A few pictures taken, but not used in game 2.
Red's cavalry rolls modified 10+ causing disorder and retreat

Militia (gray) rolls modified 10+ and eliminates regular infantry

Pressing the Attack

After successfully halting the Red Army's advance, The King of the Five Rivers ordered his army to press into the Red Kingdom.  The fleeing red army was caught mustering just outside of a hillside town near a strategic ridge.  Since the last battle, the Red Army was able to replace a unit of dragoons lost in the previous battle.  Their army remained somewhat bruised.  Two regiments of regular foot were unable to replenish their losses and the third regular regiment was dissolved after immense losses.  The Army of the Five Rivers did not suffer near as significant casualties, but one cavalry regiment and one regiment of foot continued the campaign significantly under manned.
Town in Red Kingdom, just south of the foothills
The Red Army's recruitment efforts were in vain as their newly reformed dragoon unit's column would not be participating in this battle.  The Army of the Five Rivers fielded the same columns from the previous battle, hoping to repeat their success.

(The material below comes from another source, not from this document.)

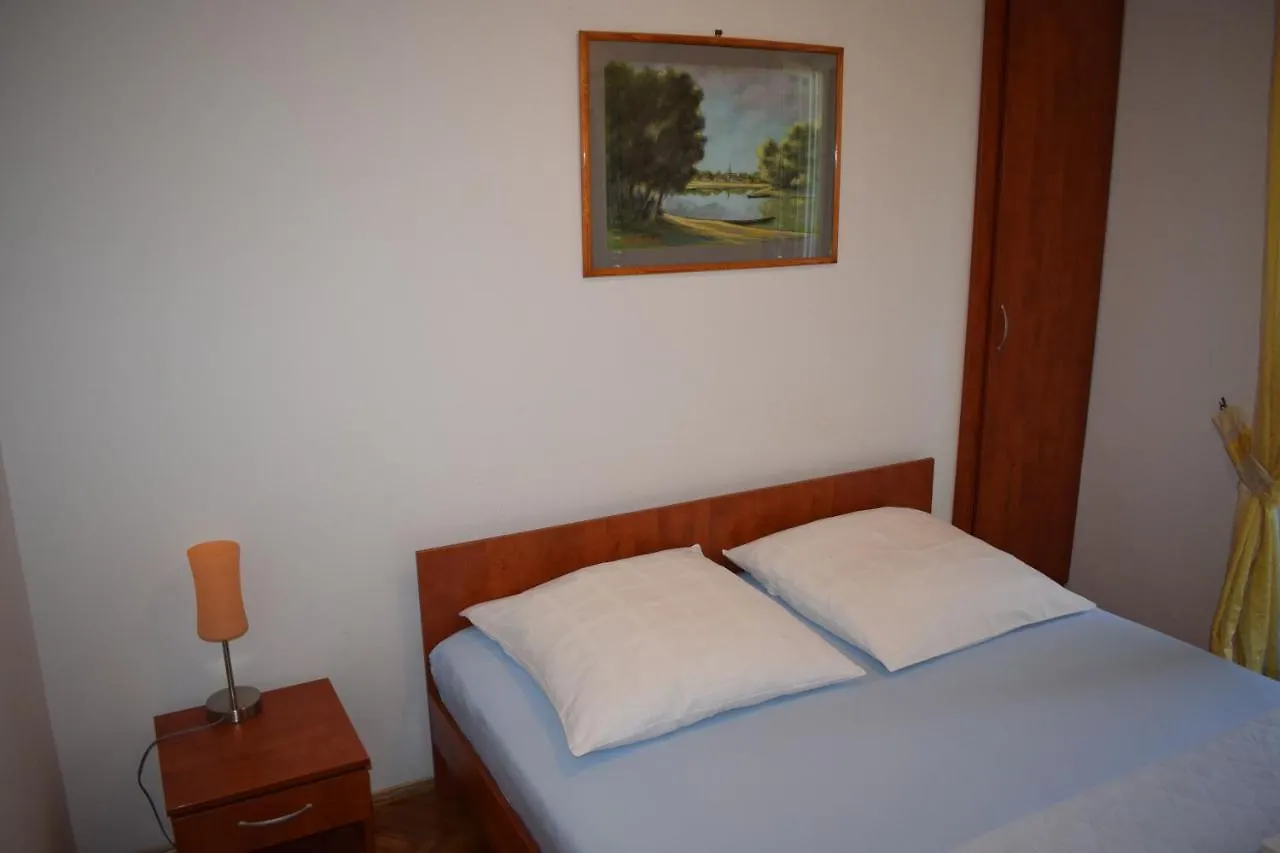 Vila Jelena - Studio Apartments For 2 To 3 Persons In Sv Filip I Jakov Sveti Filip i Jakov Guest house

Red Army's Order of Battle
Army of Five Rivers's Order of Battle

The Rivermen descended through the foothills to meet the Red Army who have decided to defend the town with infantry and use their superior number of guns to batter the Rivermen as they come out of the hills.  Meanwhile, the Army of the Five Rivers has decided to take up defensive positions on the far hill, with their artillery able to bombard the Red Army's left flank.

Positions at the end of turn 2
The opening salvos of artillery proved generally ineffective for both sides, despite the Rivermen's general putting his battery in a better position.  Enticed by the prospect of charging an irregular infantry unit, the Red cavalry swept wide into the Rivermen's exposed left flank.  

Positions at the end of turn 3
Poorer tribes of the Five Rivers generally organize their troops into Highlander units, choosing to emphasize individual marksmanship over drilled maneuver.  Shooting from the forests, one Highlander band took pot shots at the Red Army's general, to no effect.  Seeing the Red infantry advancing and fearing a cavalry charge, the other Highlander band retreated to the safety of a nearby wood.
Positions at the end of turn 4
The Red Army's artillery continued to be ineffective against the Rivermen's artillery positioned on the far hill, but the Rivermen's artillery shelled the dismounted dragoon unit on the Red Army's left flank.  The far left flank of the Rivermen line advanced and fired a fatal volley to the dragoons as they threw down their muskets and fled.  The Rivermen line also caused panic and disorder in the regiment of horse on the hill, while the forward highlander band was able to cause disorder in the regiment of foot with the Red general attached. After sustaining a downhill cavalry charge, the highlanders were forced out of the forest by a determined militia.  While distracted by the action in the center-right, the general of the Army of the Five Rivers failed to notice a regiment of horse swinging towards his right flank. 

Positions at the end of turn 5

As the bloody day wore on, the Rivermen's artillery on the hill continued to batter the Red Army.  The battery fired on the only remaining regiment of Red foot.  A cannonball bounced through the line, striking the enemy general in the chest.  The regiment panicked and fled the field, carrying their general's body on the back of his horse.  In a fit of rage, and attempting to regain the initiative, the cavalry in the Rivermen's flank charged a regiment of foot from the rear, causing a retreat away from the cavalry and towards the Red lines.  Seeing the panicking regulars advance towards their position, the town's militia fire a crippling volley as the regulars turn and run.  Seeing the panic in the Red Army at the loss of his counterpart, the Rivermen general orders a general advance of his remaining line infantry.  The regiment on the far right squares up on the successful Red cavalry. Their volley causes the cavalry line to fall to disorder and ride out of range.  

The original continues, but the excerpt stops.